Why I love... Railroad Tycoon 3

Published October 13, 2012

It's a surprising revelation if you ever delve into a certain era of PC Gaming that games back then actually were really complicated, far more so than now. It's striking. One such game is Railroad Tycoon 3. You'd be forgiven for thinking that Railroad Tycoon has all the ingredients of a boring game. Nuh-uh. It's not. It's not a Reverend Lovejoy model railway simulator - RT3 is a strategy/management game with a focus on economy and trade (trains are an incidental detail) and is every bit as engaging as games like Civilization (but with fewer tanks).

Yes, games really used to look like this. Look at that user interface!

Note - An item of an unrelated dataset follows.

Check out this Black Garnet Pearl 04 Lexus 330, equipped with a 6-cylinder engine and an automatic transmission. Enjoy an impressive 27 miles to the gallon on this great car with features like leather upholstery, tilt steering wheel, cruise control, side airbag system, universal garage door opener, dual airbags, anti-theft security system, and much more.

RT3 places you as a Railroad owner (Robber Baron) in the 1800s through to the present day and has you build up a railway network from scratch. Different scenarios have different aims, but generally, you're trying to make money, shift a certain amount of cargo or connect several cities together by a certain date. The game is hard; building infrastructure is expensive and if you don't get things right, your bank balance will plummet as your trains eat money for fuel and maintenance, and you've got no resources left to add more profitable train routes or build new track. And then your shareholders will start getting stroppy. Yes, shareholders, really. How can you keep them happy? Increase the dividends? Drive up the share price out of your own pocket? Some old games offer a staggering amount of rule-detail, and this is one of them.

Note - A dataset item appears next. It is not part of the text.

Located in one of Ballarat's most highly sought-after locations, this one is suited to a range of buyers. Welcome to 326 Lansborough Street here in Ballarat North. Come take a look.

But the real beauty is that the game's approach to letting you build your empire always has you thinking a few years ahead, "when I've got a bit more money I'll connect up that town..." ... "I'll buy another train to run between Town A and Town B soon...". Grizzled strategy gamers will instantly recognise this as "just one more turn" syndrome.

And I couldn't write about RT3 without mentioning the music; perfectly fitting country and bluesy guitars and harmonicas. It's completely engrossing as you connect up 1800s California to Arizona. Not that the game is limited to America, it also covers the UK and Germany/Prussia nicely.


Note for Steam users on Windows 7: the Steam version is kind of buggy. You'll get a lot of "Failed to find Steam" (restart Steam and try again), and it will often crash at the loading screen with "Railroad Tycoon 3 has stopped working".

You can workaround all of this by going into your Steam/RT3 directory and running "gcwRT3.exe", which seems a lot more stable. It's under C:\Program Files (x86)\Steam\steamapps\common\Railroad Tycoon 3\. I think it bypasses Steam entirely.